Like Water for Chocolate
|Like Water for Chocolate|
U.S book cover
|Genre||Romance, Magical realism|
|Publisher||Doubleday, 1992 (Mexico)
Perfection Learning, 1995 (U.S)
The novel follows the story of a young girl named Tita who longs her entire life to marry her lover, Pedro, but can never have him because of her mother's upholding of the family tradition of the youngest daughter not marrying but taking care of her mother until the day she dies. Tita is only able to express herself when she cooks.
The book is divided into twelve sections named after the months of the year, starting with January. Each section begins with a Mexican recipe. The chapters outline the preparation of the dish and ties it to an event in the protagonist's life.
Tita de la Garza, the novel's main protagonist, is fifteen at the start of the story. She lives with her mother, Mama Elena, and her older sisters Gertrudis and Rosaura, on a ranch near the Mexico – US border.
Pedro is a neighbor and another main protagonist with whom Tita falls in love at first sight. He asks Mama Elena for Tita’s hand in marriage, but Mama Elena forbids it, citing the De la Garza family tradition which demands that the youngest daughter (in this case Tita) must remain unmarried and take care of her mother until her mother's death. She suggests that Pedro marries Tita's sister, Rosaura, instead of Tita. In order to stay close to Tita, Pedro decides to follow Mama Elena's advice.

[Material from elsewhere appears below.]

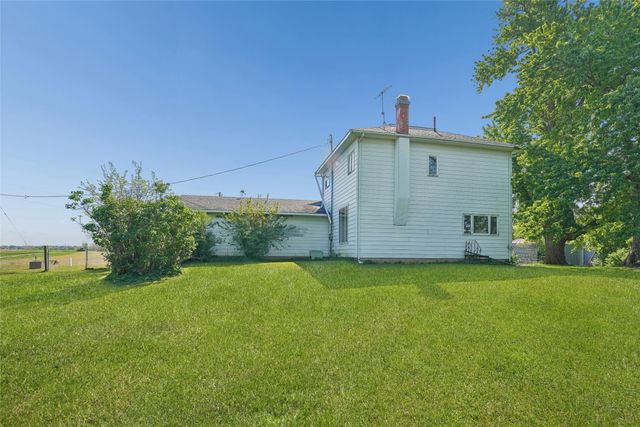 3407 S 24th Avenue W, Newton, IA 50208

Tita has a love of the kitchen and a deep connection with food, a skill enhanced by the fact that Nacha, the family cook, was her primary caretaker as Tita grew up. Her love for cooking also comes from the fact that she was born in the kitchen.
Pedro and Rosaura have a son, Roberto. Rosaura is unable to nurse Roberto, so Tita brings Roberto to her breast to stop the baby from crying. Tita begins to produce breast milk and is able to nurse the baby. This draws her and Pedro closer than ever. They begin meeting secretly, snatching their few times together by sneaking around the ranch and behind the backs of Mama Elena and Rosaura.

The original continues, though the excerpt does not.